I then save the service definition, and then go and view it within EM. In the screenshot below, I’ve left EM overnight so that the various performance metrics and the service test can run for a while, and you can see that as of now, everything seems to be running OK.
Clicking on the Test Performance tab shows me the output of each of my service tests (in this case, just the host ping), whilst the Charts page shows the me output of the system performance metrics that I selected when creating the service. Clicking on Topology, moreover, shows me a graphical view of the service and its underlying system, so I can understand and visualise the relationships between the various components within it.
Another important part of services’ end-user-level focus is the ability to create service-level agreements. These are more formal versions of metric thresholds, this time based on service tests rather than system tests, and allow you to define service level indicators based on the tests you’ve created before, and then measure performance against agreed tolerances over a period of time. If you’ve got an SLA agreed with your customer that, for example, 95% of reports render within five seconds, or that the main dashboard is available 97% of the time during working hours, you can capture that SLA here and then automatically report against it over time. More importantly, if you’re starting to fall outside of your SLA, you can use EM to raise events and incidents in the meantime so you’re aware of the issue, and you can work to rectify it before it becomes an issue in your monthly customer meeting.

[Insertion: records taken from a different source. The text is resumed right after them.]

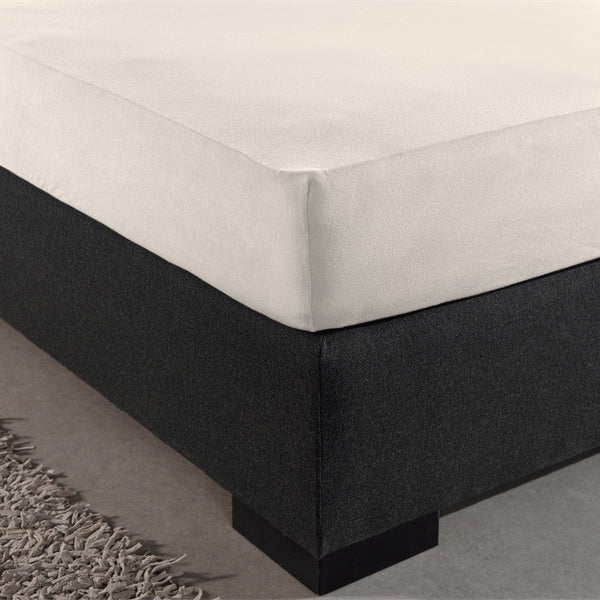 Double Jersey 220 GSM Soft Cotton Fitted Sheet | Cream | Single 80/100 x 220cm (L) x 40cm (D) - The Bedding & Blankets Store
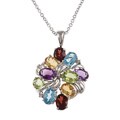 Sterling Silver Oval Multi-gemstone and Diamond Cluster Necklace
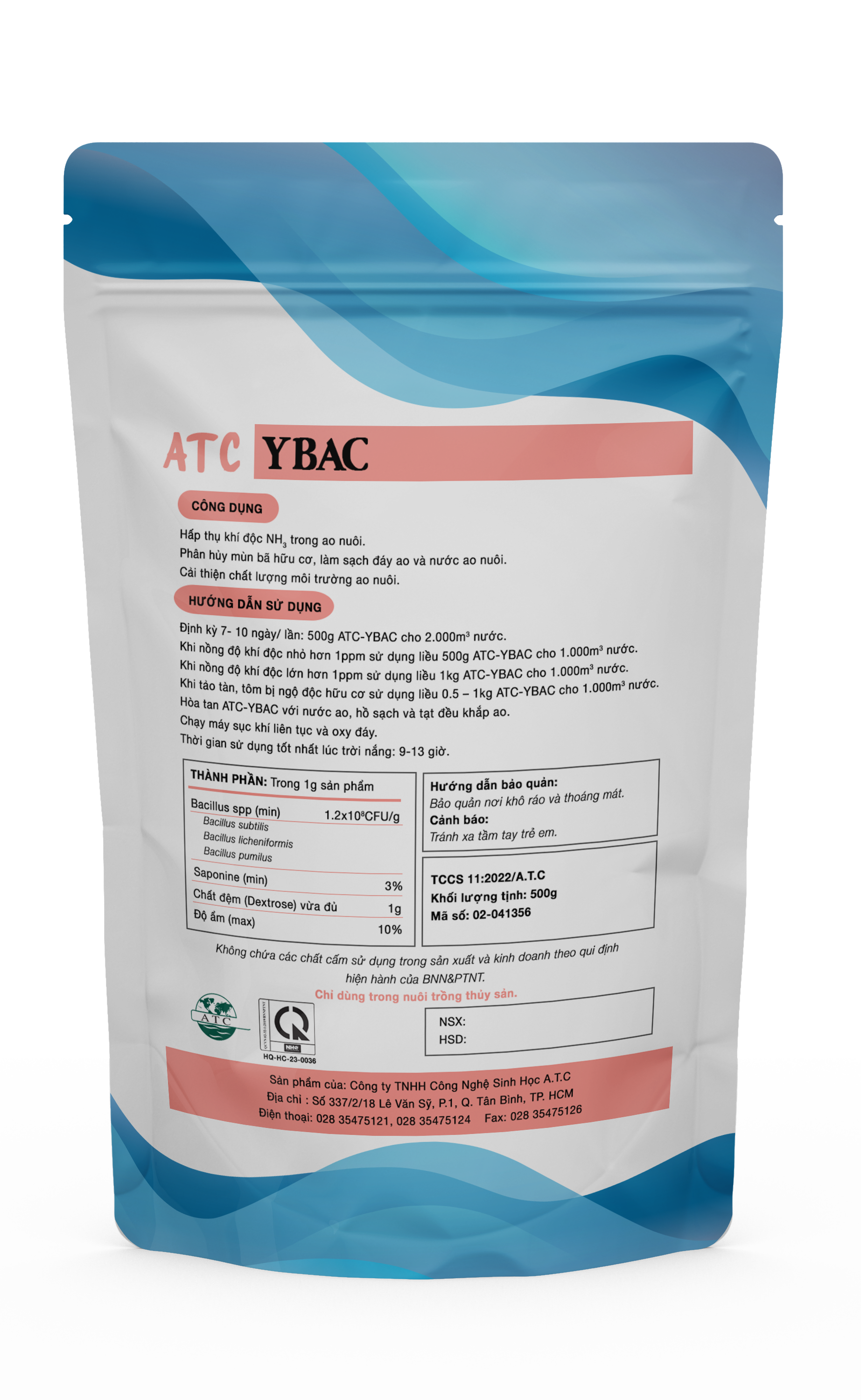 Sản phẩm xử lý khí độc trong nước ao hồ ATC-Ybac 500gr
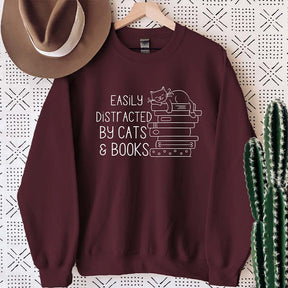 Easily Distracted By Cats and Books Sweatshirt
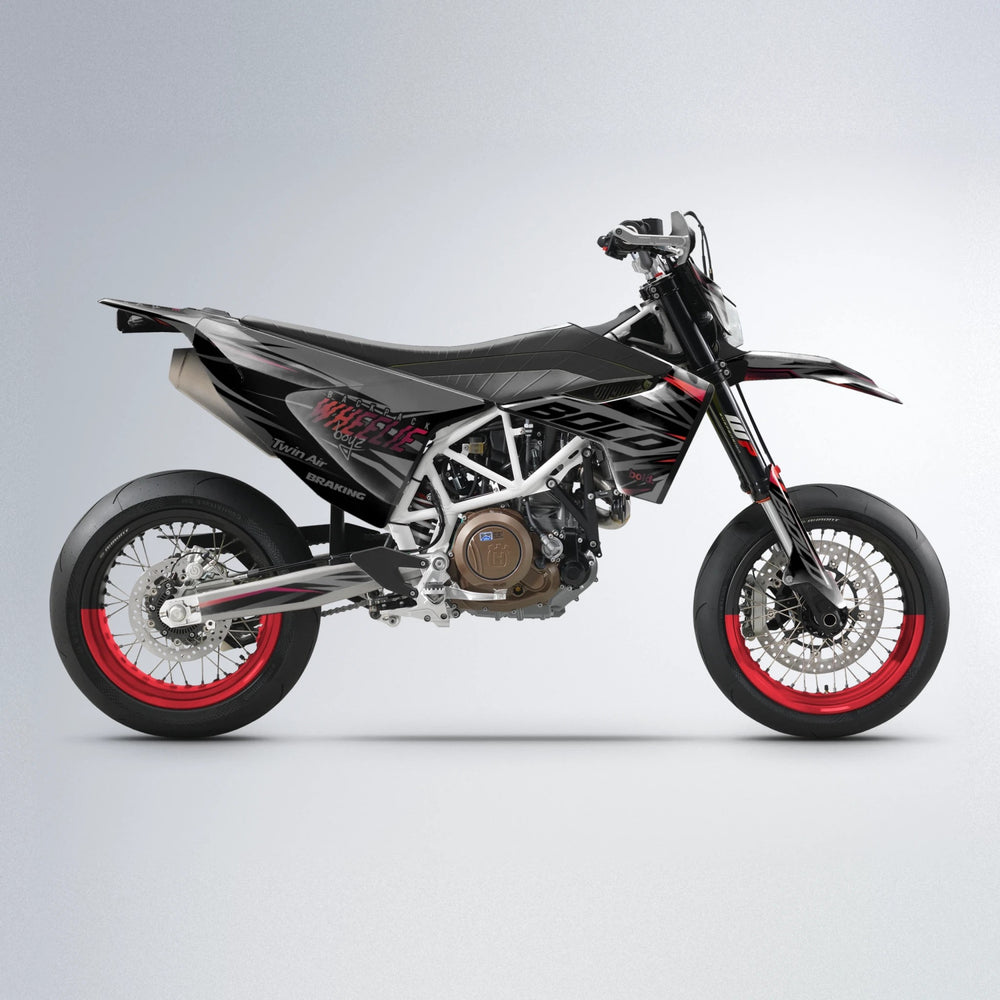 RETAIN Husqvarna 701 supermoto graphics kit in Black & Red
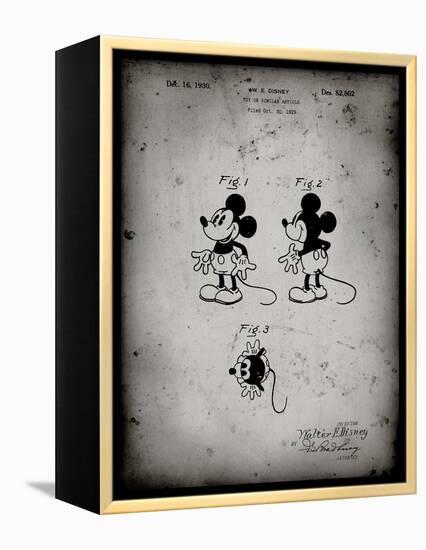 PP191- Faded Grey Mickey Mouse 1929 Patent Poster-Cole Borders-Framed Premier Image Canvas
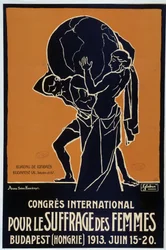 Poster voor het internationale congres voor vrouwenkiesrecht in Boedapest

Finally - and this is something I find really neat - the system overview page for the system I created earlier now references the service that it supports, so I can see, at a glance, not only the status of the infrastructure components that I’m managing, but also the status of the end-user service that it’s supporting. Not bad, and a lot better than trying to manage all of these infrastructure components in isolation, and trying to work out myself what their performance means in terms of the end-users.
So there you have it - systems and services in EM and the BI Management Pack - a good example of what you get when you move from Fusion Middleware Control to the full version of Oracle’s Enterprise Systems Management platform.